SHANGHAI (Reuters) - Banks in China’s financial hub Shanghai have been asked by authorities to limit loans to property developers for land purchases and to scrutinize would-be borrowers suspected of trying to access mortgages by getting divorced, the Shanghai Daily reported on Friday.
The steps were the latest in a string of measures around the country to try to cool a property market seen at risk of overheating.
Quoting unidentified commercial bankers, the newspaper said banks were told that housing developers should pay at least 30 percent down on residential projects instead of relying on bank loans.
It said some developers had put only 10 percent down on projects and raised the remaining funds through bank and gray-market loans.
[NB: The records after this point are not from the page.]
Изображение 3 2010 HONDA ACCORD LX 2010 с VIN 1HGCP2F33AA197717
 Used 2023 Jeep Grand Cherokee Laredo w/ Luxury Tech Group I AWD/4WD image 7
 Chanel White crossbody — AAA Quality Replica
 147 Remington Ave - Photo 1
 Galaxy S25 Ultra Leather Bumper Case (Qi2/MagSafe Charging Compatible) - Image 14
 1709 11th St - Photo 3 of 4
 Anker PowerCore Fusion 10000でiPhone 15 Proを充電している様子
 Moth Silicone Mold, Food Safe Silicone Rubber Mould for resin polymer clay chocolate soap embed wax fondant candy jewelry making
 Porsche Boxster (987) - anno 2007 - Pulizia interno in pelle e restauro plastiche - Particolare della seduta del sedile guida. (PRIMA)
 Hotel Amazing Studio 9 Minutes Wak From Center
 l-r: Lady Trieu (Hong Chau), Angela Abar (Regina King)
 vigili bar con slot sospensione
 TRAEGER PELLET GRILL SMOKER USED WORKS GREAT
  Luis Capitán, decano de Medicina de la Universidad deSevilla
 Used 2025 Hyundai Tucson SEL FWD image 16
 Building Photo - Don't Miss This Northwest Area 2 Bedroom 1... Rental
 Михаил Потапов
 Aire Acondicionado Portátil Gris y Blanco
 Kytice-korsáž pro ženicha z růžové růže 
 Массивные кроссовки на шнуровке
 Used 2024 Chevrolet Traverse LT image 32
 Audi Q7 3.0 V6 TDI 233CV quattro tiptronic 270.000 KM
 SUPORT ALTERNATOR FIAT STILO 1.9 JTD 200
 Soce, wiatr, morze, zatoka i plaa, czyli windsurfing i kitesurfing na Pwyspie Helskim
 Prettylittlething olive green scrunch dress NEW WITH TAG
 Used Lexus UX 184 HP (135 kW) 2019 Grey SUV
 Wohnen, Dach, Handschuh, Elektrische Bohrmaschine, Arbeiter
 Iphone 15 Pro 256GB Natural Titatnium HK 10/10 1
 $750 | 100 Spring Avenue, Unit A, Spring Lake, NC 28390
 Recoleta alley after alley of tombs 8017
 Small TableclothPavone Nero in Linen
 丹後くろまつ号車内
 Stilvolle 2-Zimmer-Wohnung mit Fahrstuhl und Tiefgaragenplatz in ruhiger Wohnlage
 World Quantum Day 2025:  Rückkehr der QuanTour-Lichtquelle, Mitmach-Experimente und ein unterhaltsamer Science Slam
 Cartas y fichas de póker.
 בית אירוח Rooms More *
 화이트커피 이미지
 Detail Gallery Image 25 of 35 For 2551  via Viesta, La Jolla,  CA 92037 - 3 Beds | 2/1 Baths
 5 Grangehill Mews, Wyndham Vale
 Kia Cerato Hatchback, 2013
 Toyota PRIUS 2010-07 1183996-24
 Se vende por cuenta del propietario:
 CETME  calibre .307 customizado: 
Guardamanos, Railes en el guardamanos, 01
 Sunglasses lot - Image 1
Banks were also asked to reject mortgage applications of people who had divorced within three months, it quoted an internal filing from a Shanghai-based rural commercial bank as saying.
A property price rally has prompted a home buying frenzy in parts of China, in some cases prompting couples to get divorced to circumvent buying restrictions and invest in multiple homes.
Police last month detained seven property agents in Shanghai for spreading rumours of plans for a new government regulation that caused a rash of divorces and a rush to buy new homes.
On Wednesday, the Shanghai branch of the China Banking Regulatory Commission, the country’s banking regulator, held a meeting about rising housing prices with major lenders, the newspaper reported.